The stipulated deadline for the imposition of the American sanctions on Iran is less than a month away with the date being set at 4th November. However, the effects of the upcoming sanctions are being felt immediately – especially when it comes to crude oil supplies.
The cost of the Brent Crude rose to over $86 per barrel on Thursday, on the back of the expected sanctions against Iran which would mean that countries won't be able to import crude from the Middle-Eastern country. This has prompted analysts to point out that the cost of the crude could rise to $90 per barrel in the near future and even cross the $100-mark in 2019.
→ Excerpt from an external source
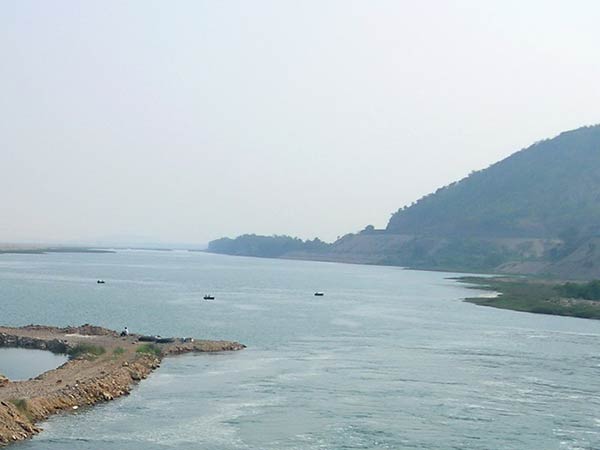 கூட்டாட்சி அடிப்படையில்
Meanwhile, Reuters reported on Wednesday that Saudia Arabia and Russia had agreed to increase the production of crude ahead of the Joint Ministerial Monitoring Committee (JMMC) meeting in Algiers in September. At the meeting though, which had delegations from the other member countries of the OPEC (Organisation of the Petroleum Exporting Countries), it was decided that the production of the crude would not be increased.
Now, this increase in the crude prices coming in after the revelatory agreement between Saudi Arabia and Russia fuels worry among countries for whom crude remains the most important import. India and China, which used to import their crude from Iran, face hastened worry as the impending sanctions on Iran mean that they can't avail of the Iranian crude and need to look at other suppliers.
The problem mushrooms for India, whose currency, the rupee is slipping to newer lows day-by-day against the dollar and where petrol and diesel prices have already skyrocketed.